Email messages have played a prominent role in several recent high-profile cases.

  • A sole email from an in-house attorney at Arthur Anderson advising a partner to edit an internal memo about Enron Corp.’s financial disclosure helped to convict the accounting firm of obstruction of justice.
  • Merrill Lynch Internet Analyst, Henry Blodget, apparently considered AtHome Corp. “crap” even while he was publicly advising clients to buy the shares.
  • Credit Suisse First Boston Investment Banker, Frank Quattrone, told his staff to destroy documents that were being sought by investigators.1
  • Bill Gates emailed his executive “Do we have a clear plan on what we want Apple to do to undermine Sun?”2

In addition, an email carries “metadata” which is embedded information about the author, the  creation date, the attachments and identities of all recipients, including those who received a cc or bcc. Word documents included as attachments will reveal how, when and by whom an electronic document was created, modified and transmitted. When parties exchange different versions of documents using  the “track change” function, these changes become part of the metadata. This embedded data is not apparent in the printed version of the document and could be critical in situations such as contract disputes which turn on the parties’ intent and their negotiations. An electronic version of a document may also provide evidence of document tampering.

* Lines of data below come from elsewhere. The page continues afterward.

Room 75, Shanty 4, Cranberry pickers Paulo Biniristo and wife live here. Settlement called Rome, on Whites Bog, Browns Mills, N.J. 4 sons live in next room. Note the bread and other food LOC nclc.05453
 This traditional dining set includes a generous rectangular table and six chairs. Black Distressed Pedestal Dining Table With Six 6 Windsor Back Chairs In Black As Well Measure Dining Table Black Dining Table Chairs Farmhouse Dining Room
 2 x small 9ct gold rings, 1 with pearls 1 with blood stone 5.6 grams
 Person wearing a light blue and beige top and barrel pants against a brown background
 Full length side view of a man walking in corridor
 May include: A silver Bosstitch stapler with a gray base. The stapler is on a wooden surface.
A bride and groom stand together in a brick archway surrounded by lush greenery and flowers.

Issues to Consider in Formulating Corporate Email Policies

In formulating an email policy that properly takes into account the above concerns, an  organization should be guided by several basic goals:

  1. Link the records management goals of the organization to its risk management objectives. A comprehensive records management program must properly preserve corporate information thereby enabling the organization to respond to regulatory and litigation obligations.
    • Define what records must be kept, where and how they are to be kept, and for what interval of time they are to be kept.
    • If employees are telecommuting, determine how much control the organization requires over electronic communication in order to ensure confidentiality and security where the equipment is maintained in the employee’s home.
    • Identify who has access to the records, and for what purposes, in order to establish the physical security of the records.
    • The architecture of the information systems used to store electronic records should take into account the need to maintain both privacy and security of the information. Certain records may require additional security protection in the form of encryption, passwords and PINs.
    • The architecture of any records management strategy must also take into account technology obsolescence. Careful attention should be paid to converting stored data into current formats as part of a system upgrade.
  2. Take steps to minimize the litigation risks arising from the improper or thoughtless use of corporate email. Employers have an interest in training employees and developing policies that assist employees to be careful with their words.
    • Educate employees on the pitfalls of casual email conversations – ask the question “Would you want a jury or a judge to read this?” before sending an email.
    • Educate employees about the myth that “delete” means permanent deletion.
    • Emails which are relevant and important records of contract negotiations or terms should be retained in an electronic form that maintains the relevant metadata.
    • Identify those emails that could be relevant to a civil claim brought by or against the organization. These emails should be retained in an electronic format even if printed out and stored in a secure, accessible location that ensures the organization will be in a position to meet any litigation disclosure obligations.
  3. Articulate a clear acceptable use policy for employees. Explain to employees the purposes for which email systems can and cannot be used. The consequences for breaching the policy must be unambiguous. A clear policy for discipline (reprimands to dismissal) should be set out if information is conveyed via company computers that is: confidential; defamatory of the company or a co-worker; constitutes harassment of or is degrading to co-workers; insubordinate or breaches an employee’s obligation of loyalty and fidelity; damaging to the company’s reputation.
    • Ensure that employees are aware of restrictions with respect to use of any licenses or copyright material.
    • Develop clear policies allowing the employer random monitoring of email technology to prevent employees from overusing their computers for personal use, gambling, surfing and messaging.
    • Try to ensure that supervisory employees don’t overuse the email system. Criticism or discipline is still better implemented in person, in a private setting.
    • Make sure all employees with access to confidential information understand their obligation to prevent inappropriate disclosure of that information.
    • Develop policies that promote the use of language that enhances the reputation and public image of the business.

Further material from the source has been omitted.